DANS LA NATURE, de Marcel Barelli: Uma hilária animação contra a homofobia centrada na conexão afetiva entre felinos, carneiros e pássaros do mesmo sexo. É um exemplar do fino cinema animado suíço.
BOWLING SATURN, de Patricia Mazuy: Eis aqui “O” filme da competição oficial de Locarno até o momento. A diretora de “Paul Sanchez Está De Volta” (2018) regressa com um thriller de tons existencialistas, falando de fraternidade. Nele, um oficial da polícia francesa, Guillaume (Arieh Worthalter), e seu irmão picareta, Armand (Achille Reggiani), entram em conflito depois de herdarem um clube de boliche.
DRII WINTER (A PIECE OF SKY), de Michael Koch: Exibido em fevereiro na Berlinale, de onde saiu com uma menção honrosa, este drama mapeia a Suíça rural a partir da relação entre um criador de gado e uma jovem funcionária dos Correios, que é mãe solteira. O amor entre eles vai ser atropelado por um tumor no cérebro do rapaz.
UM LUGAR BEM LONGE DAQUI (“Where The Crawdads Sing”), de Olivia Newman: Cifras da ordem de US$ 70 milhões em sua bilheteria fazem deste melodrama com cara de novela das seis um fenômeno popular. A trama vem do romance homônimo de Delia Owens. Daisy Edgar-Jones brilha em cena como uma jovem catadora de mexilhões, Kya, que é acusada de assassinato. Tudo indica que ela matou um bad boy local. Mas um advogado aposentado (David Strathairn) vai ajudá-la.

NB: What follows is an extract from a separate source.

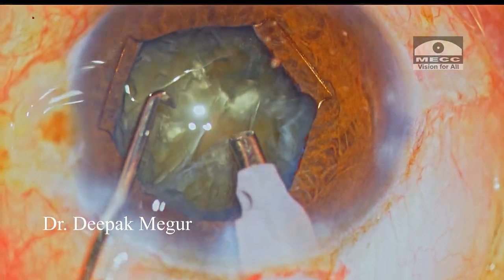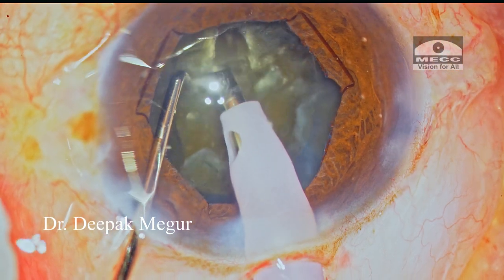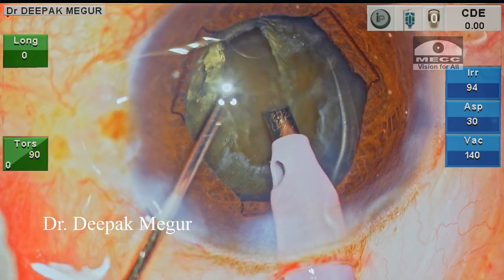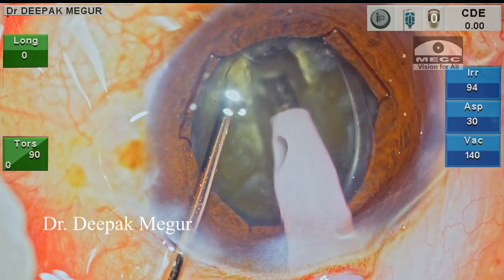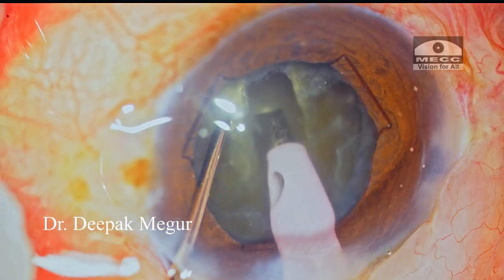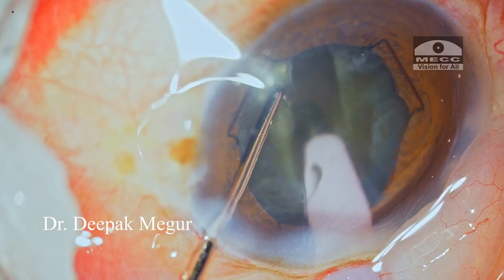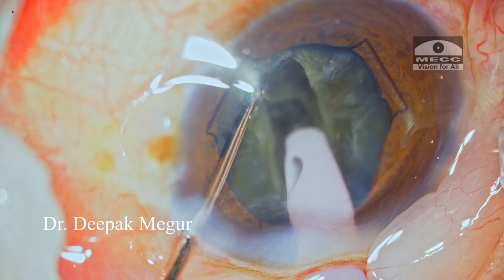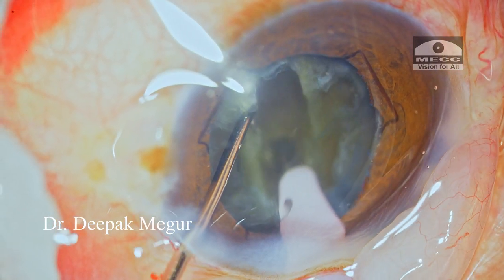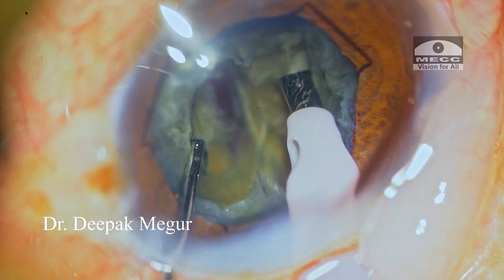Now is the time to manage the nucleus. My plan is to divide it into multiple fragments and then consume them using the stop and chop technique. During sculpting, I'm supporting the nucleus with my chopper — this helps as the bag is mobile. Supporting the nucleus is an important tip when dealing with eyes with mobile bags. I chose stop and chop because it gives extra space within the bag, minimizing stress transmitted to the zonules. It's important to create a deep trench to enable easier division of the nucleus into two halves without stressing the zonules.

OBJECTOS DE LUZ, de Marie Carré e Acácio de Almeida: Uma radiografia do cinema português dos últimos 50 anos se desenha nas telas neste documentário ensaístico sobre a dimensão de transcendência da iluminação de um set. É um delicado exercício filosófico sobre a memória do audiovisual, produzida por Rodrigo Areias (de “A Távola de Rocha”). Acácio é um dos mais ativos diretores de fotografia da Península Ibérica e leva para as telas trechos de longas que iluminou de 1967 até hoje.

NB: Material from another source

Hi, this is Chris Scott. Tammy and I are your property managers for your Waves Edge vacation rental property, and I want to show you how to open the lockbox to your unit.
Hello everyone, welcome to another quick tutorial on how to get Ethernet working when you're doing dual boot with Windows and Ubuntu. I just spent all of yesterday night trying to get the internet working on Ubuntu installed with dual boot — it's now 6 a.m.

MEDUSA DELUXE, de Thomas Hardiman: Um concurso de beleza envolvendo extravagantes penteados e cortes de cabelos (supervisionados nos sets pelo bamba dos cabelereiros, Eugene Souleiman) é palco para um mistério ligado ao assassinato de um astro do visagismo. A morte dele deflagra disputas de ego, paixões e desabafos, registrados pela câmera nervosa do diretor de fotografia Robbie Ryan com planos-sequência que desafiam a lei da física.